The rich have wills, and so should you.
2. Create a Trust
A sizable estate may require the creation of a trust. A trust is a way to pay less in taxes, and if an irrevocable trust is created, all of the assets provided to the trust no longer belong to you. In effect, you’re giving up your assets before your death.
There are many types of trusts that can be considered, but irrevocable trusts are most common.
How does this work?
- A trustee is appointed to the trust to distribute your wealth
- Your assets are put into the trust
- The assets or money are not subject to estate tax
The trust will only have to pay taxes on assets that create an income. Dividend bearing stocks may provide a taxable income, as would interest on a savings account or other sources of income.

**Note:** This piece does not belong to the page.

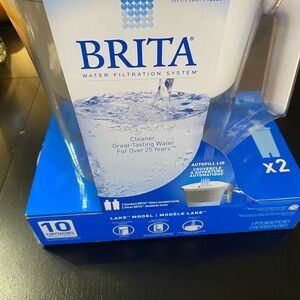 Brita Pitcher with Blue Autofill Lid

What’s even better with a trust is that you can put stipulations within the trust. For example,
- You name your son trustee of the estate
- You add a stipulation to the trust that no money can be used until after the trustee graduates college
Money from the trust can also be distributed while you’re alive. You can use your assets, yet shelter them from costly estate taxes at the same time.
3. Prenuptial Agreements
When you go into a marriage with assets and money, it only makes sense to have a prenuptial agreement drawn up. Brad Pitt and Angelina Jolie, the celebrity couple with an estimated combined net worth of over $400 million, can teach us a lot about prenuptial agreements.
The couple was dating for a period of 10 years before they got married, and even on this strong of a foundation, they still had a prenuptial agreement.
The couple was wealthy, individually before getting married, and it made sense for the couple to discuss their assets before they tied the knot.
What was at stake?
Besides the $117.5 million dollars the couple earned over their 2 years of marriage, a total of 12 properties would have been on the line, too.
The prenuptial agreement took care of all of these assets and the money the couple earned during their marriage. This is a smart form of estate planning that doesn’t have to be tied to your death.
What this does is:
- Protect your assets from a divorce
- Protect your family heirlooms
- Protect your money
An agreement must be drawn up according to your wishes, and it must be signed prior to the wedding. This agreement can mean the difference between a disgruntled ex-wife or ex-husband demanding a 50/50 split of assets, and taking your mother’s wedding ring out of spite and malice.
Prenuptial agreements can be a smart estate planning tool, and this is something you’ll want to discuss with your attorney in further detail.